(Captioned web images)
######

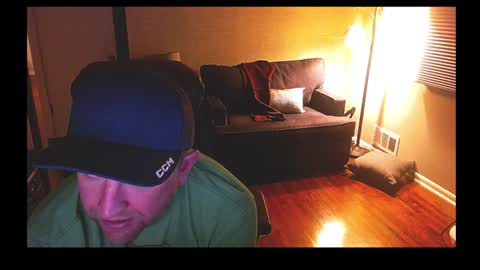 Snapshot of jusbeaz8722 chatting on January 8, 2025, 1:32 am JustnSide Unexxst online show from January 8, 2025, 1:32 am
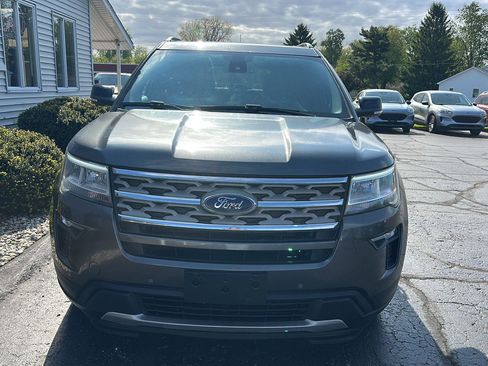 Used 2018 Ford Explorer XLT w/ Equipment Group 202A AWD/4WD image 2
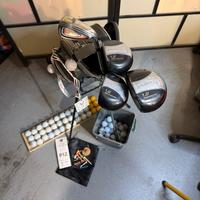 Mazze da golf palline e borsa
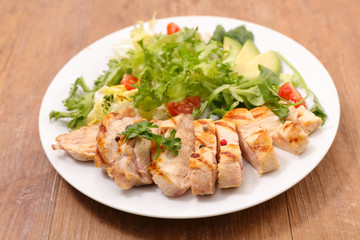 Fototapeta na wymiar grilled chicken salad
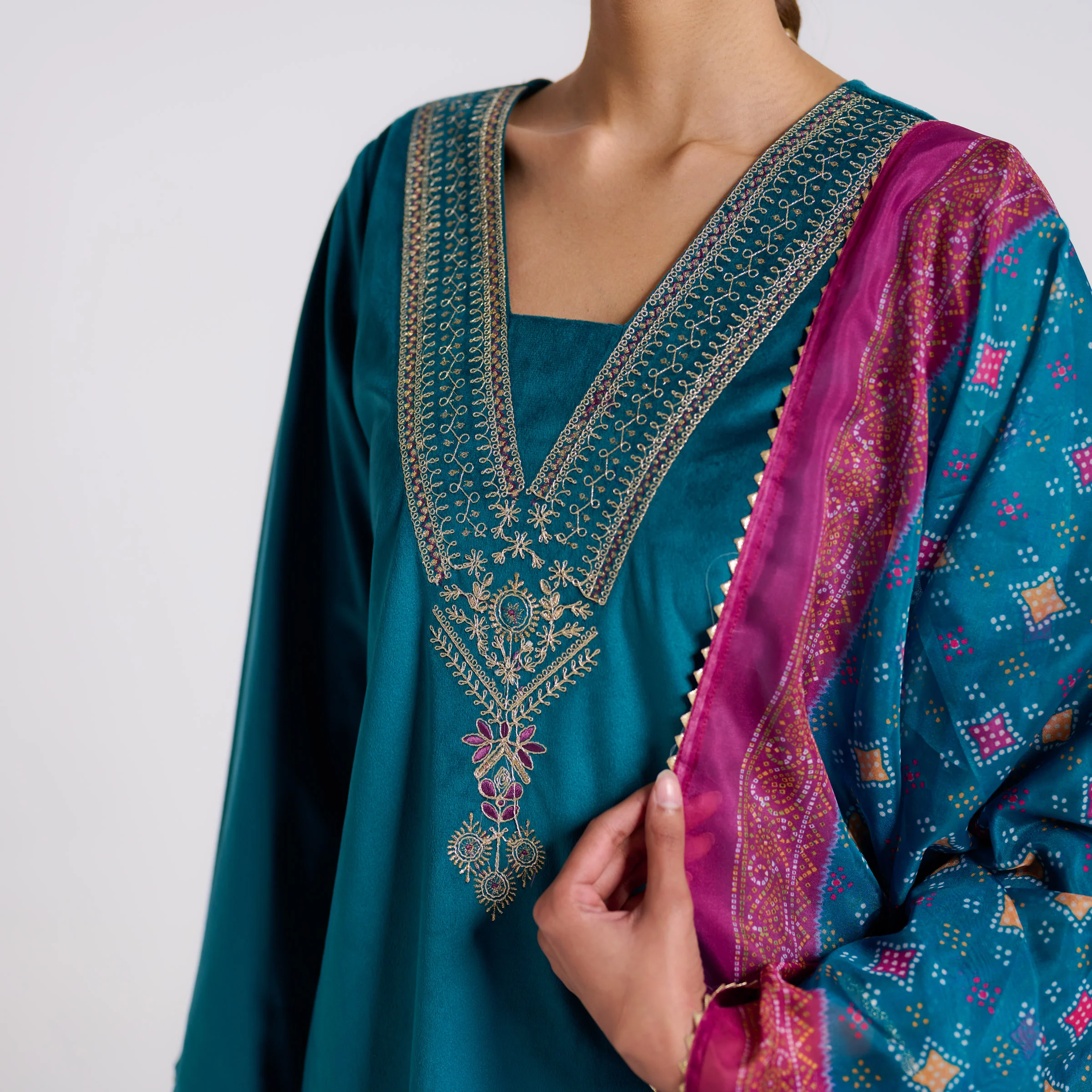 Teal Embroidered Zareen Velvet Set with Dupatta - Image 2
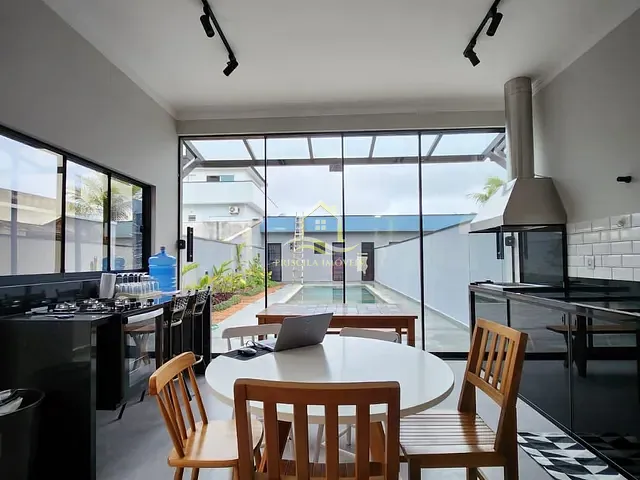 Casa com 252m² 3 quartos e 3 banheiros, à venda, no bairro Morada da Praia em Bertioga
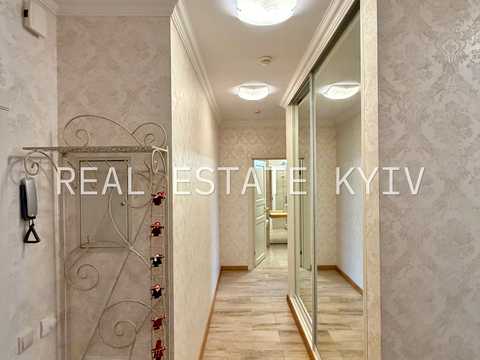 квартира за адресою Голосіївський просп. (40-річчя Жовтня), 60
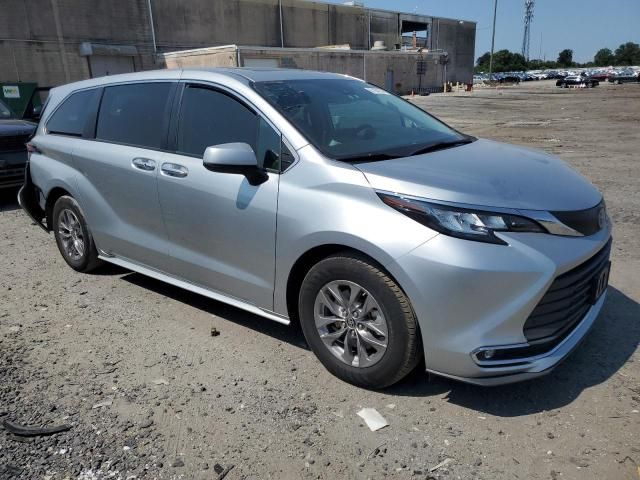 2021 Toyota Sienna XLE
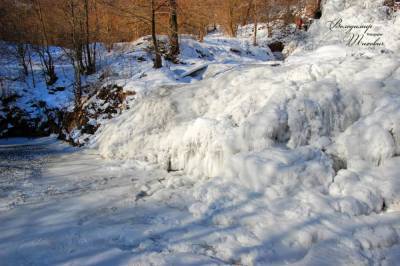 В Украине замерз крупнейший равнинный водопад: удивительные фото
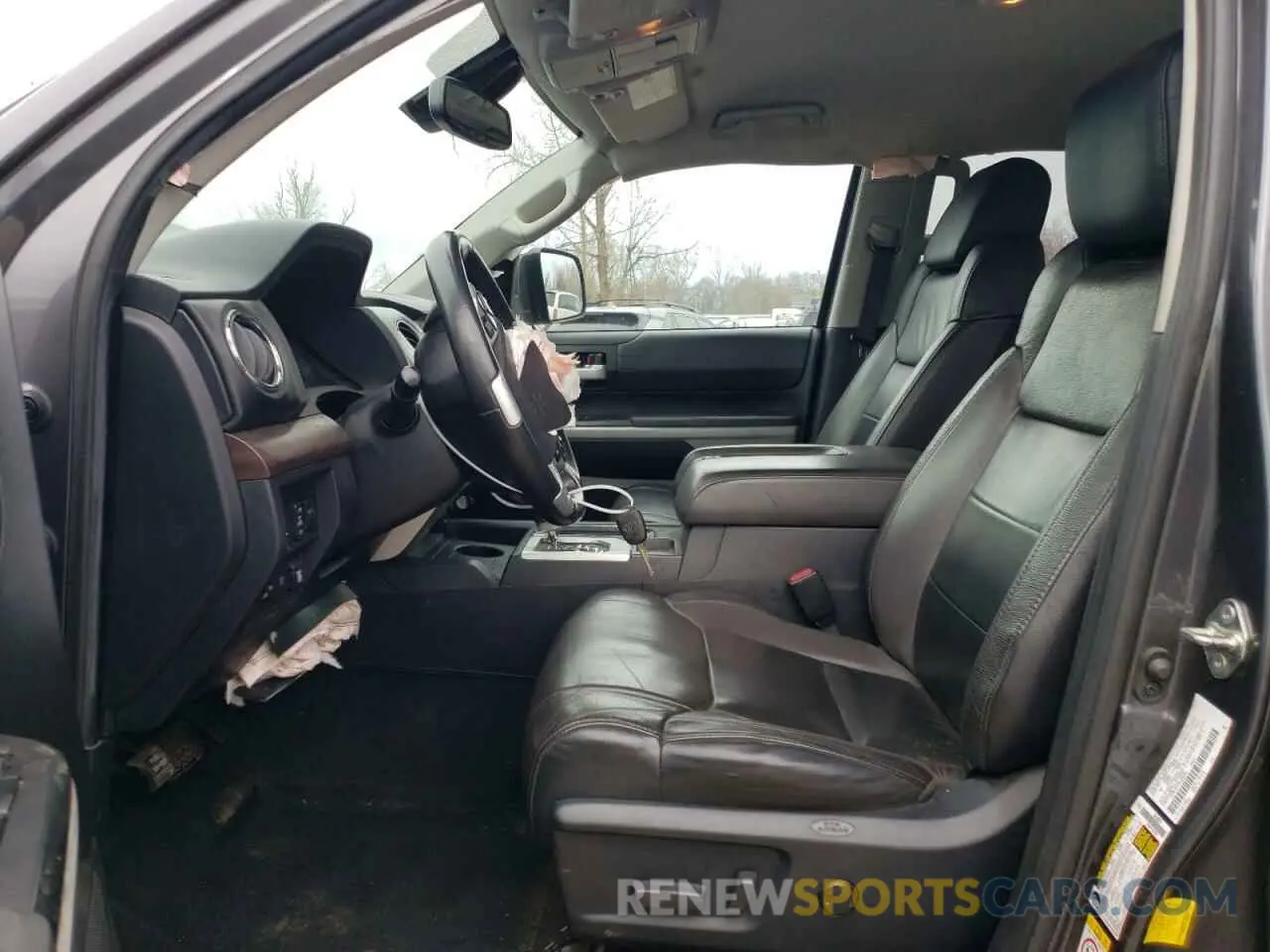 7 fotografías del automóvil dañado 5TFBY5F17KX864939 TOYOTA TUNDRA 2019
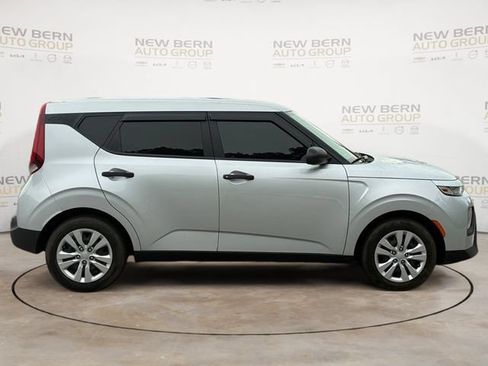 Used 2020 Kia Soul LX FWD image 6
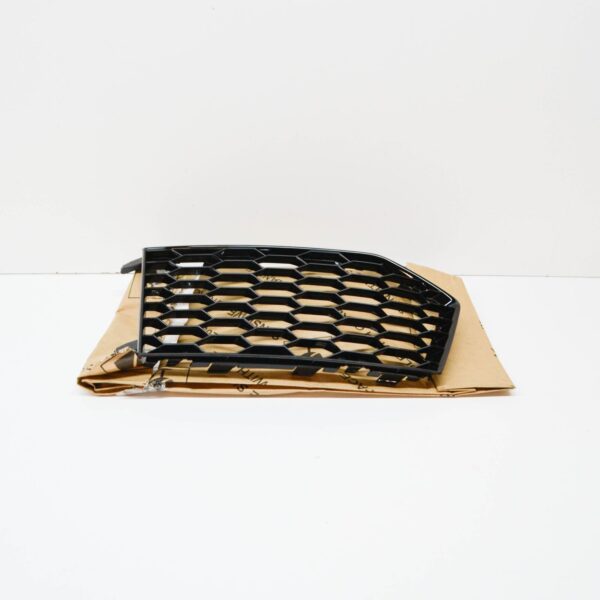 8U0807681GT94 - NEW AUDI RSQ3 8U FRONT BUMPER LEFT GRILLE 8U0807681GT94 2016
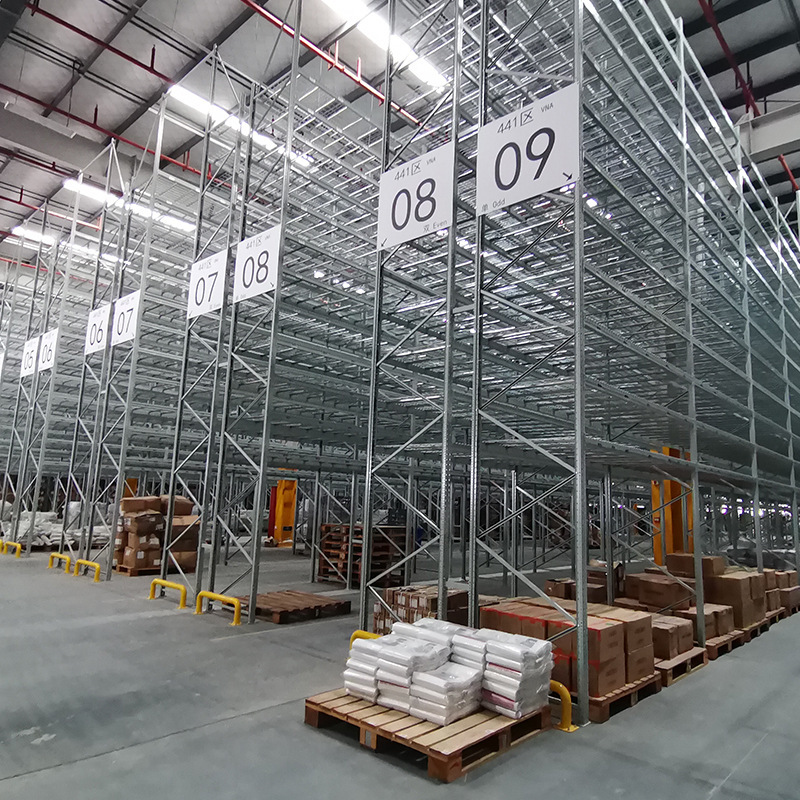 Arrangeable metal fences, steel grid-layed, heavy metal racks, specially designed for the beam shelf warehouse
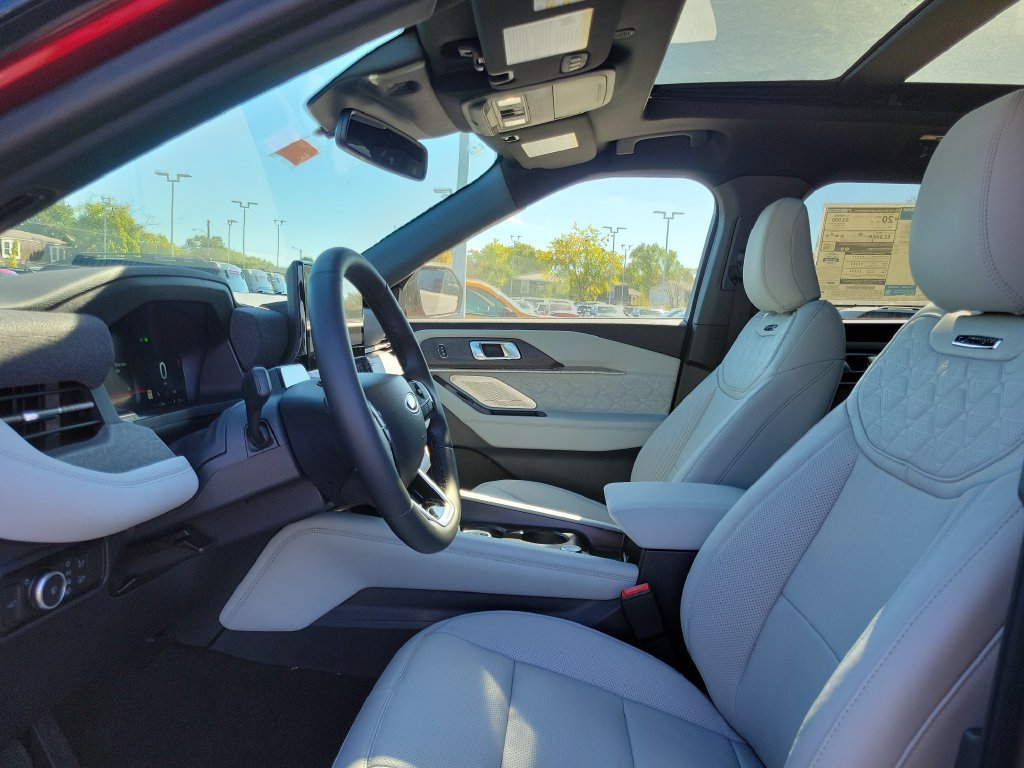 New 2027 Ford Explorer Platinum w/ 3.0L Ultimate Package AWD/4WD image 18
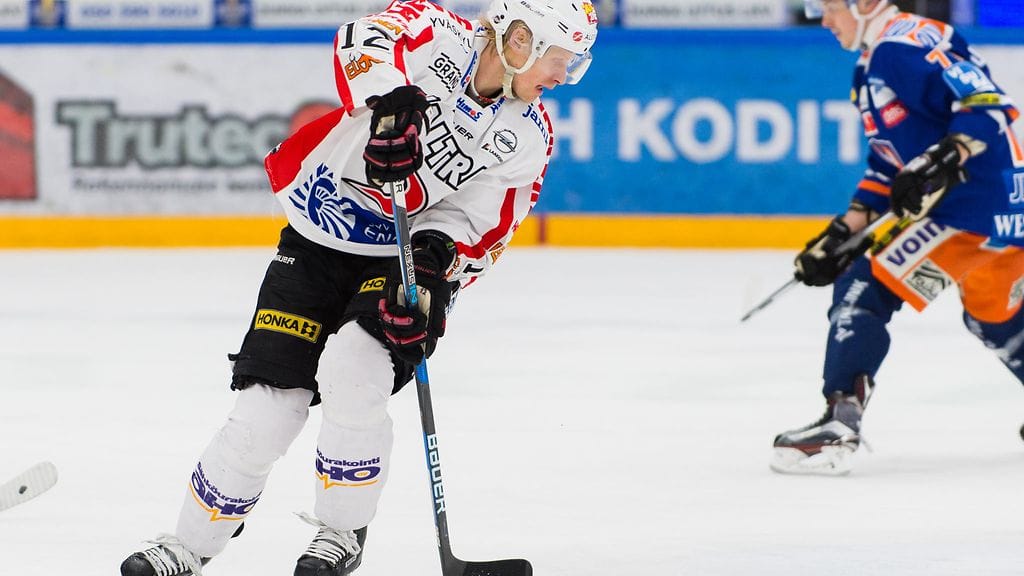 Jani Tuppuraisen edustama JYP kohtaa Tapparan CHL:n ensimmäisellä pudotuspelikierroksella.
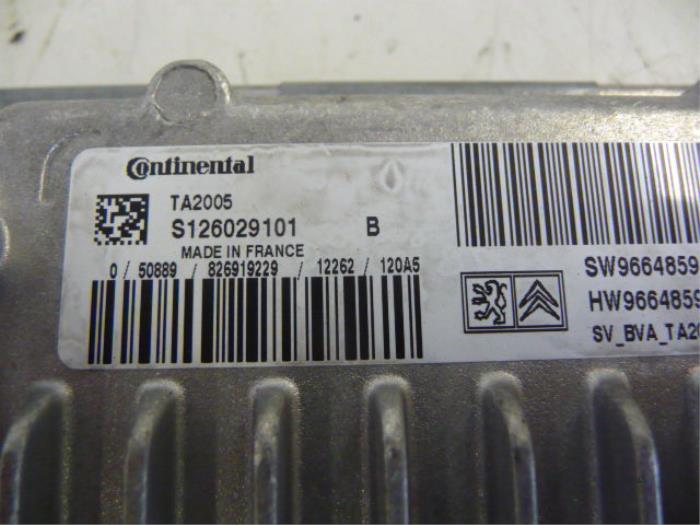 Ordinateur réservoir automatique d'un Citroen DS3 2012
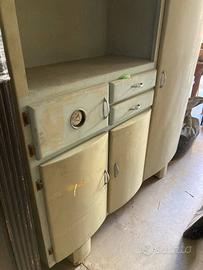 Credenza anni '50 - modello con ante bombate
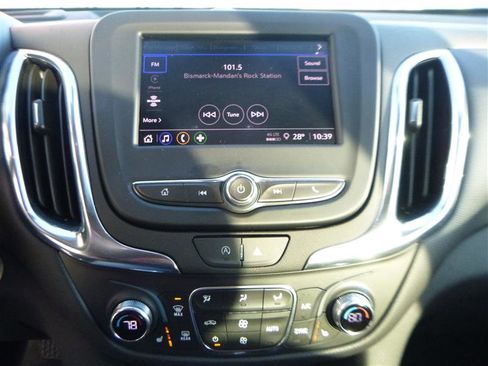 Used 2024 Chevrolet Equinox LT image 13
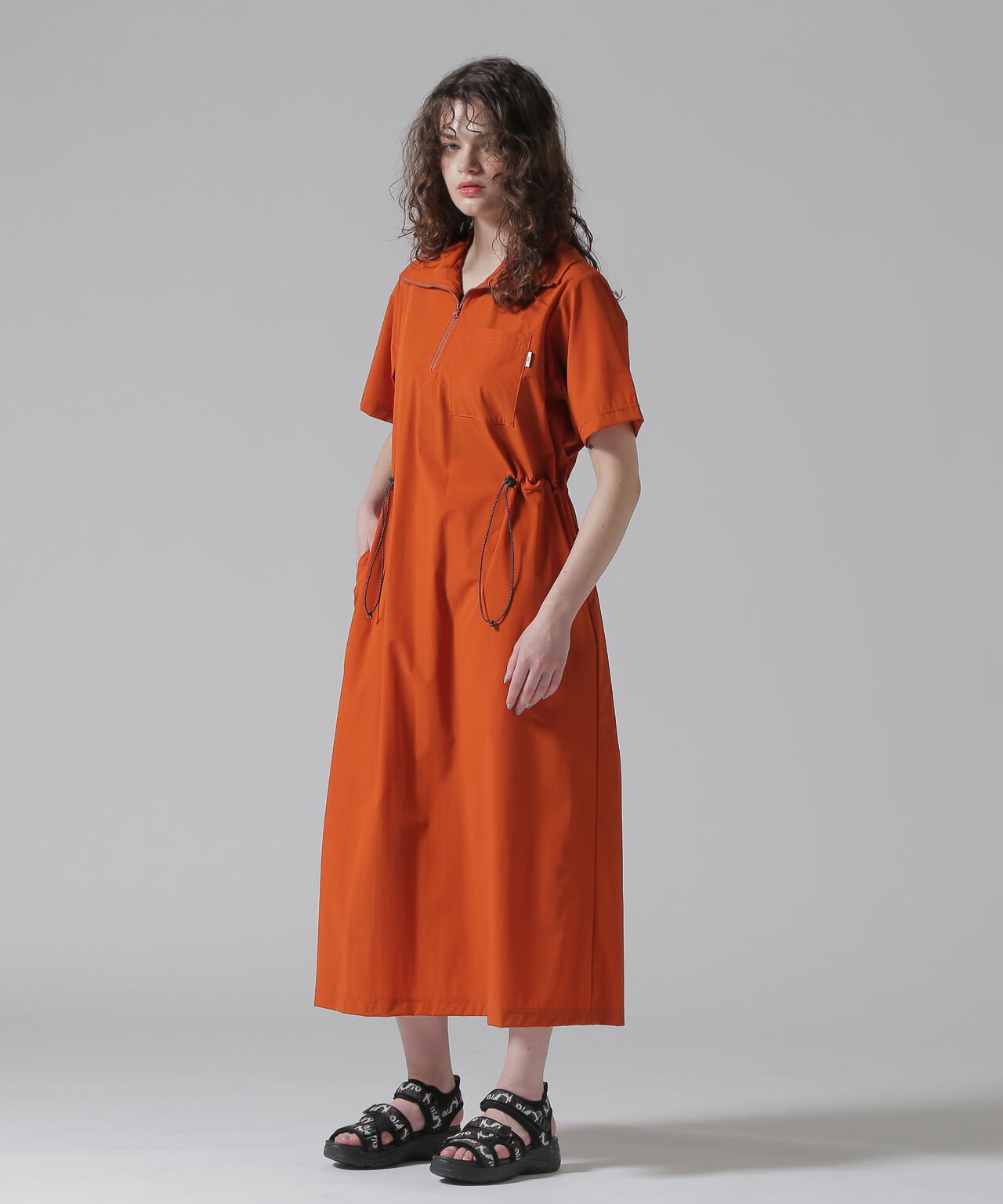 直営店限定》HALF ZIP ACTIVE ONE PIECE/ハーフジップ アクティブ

######

• ACTIVITY: Find the line that contains "Arrangeable metal fences, steel", then write out that line and every line after it through the end of the records, exactly. Leave the pictures out.

• SOLUTION FOR THIS TASK:
 Arrangeable metal fences, steel grid-layed, heavy metal racks, specially designed for the beam shelf warehouse
 New 2027 Ford Explorer Platinum w/ 3.0L Ultimate Package AWD/4WD image 18
 Jani Tuppuraisen edustama JYP kohtaa Tapparan CHL:n ensimmäisellä pudotuspelikierroksella.
 Ordinateur réservoir automatique d'un Citroen DS3 2012
 Credenza anni '50 - modello con ante bombate
 Used 2024 Chevrolet Equinox LT image 13
 直営店限定》HALF ZIP ACTIVE ONE PIECE/ハーフジップ アクティブ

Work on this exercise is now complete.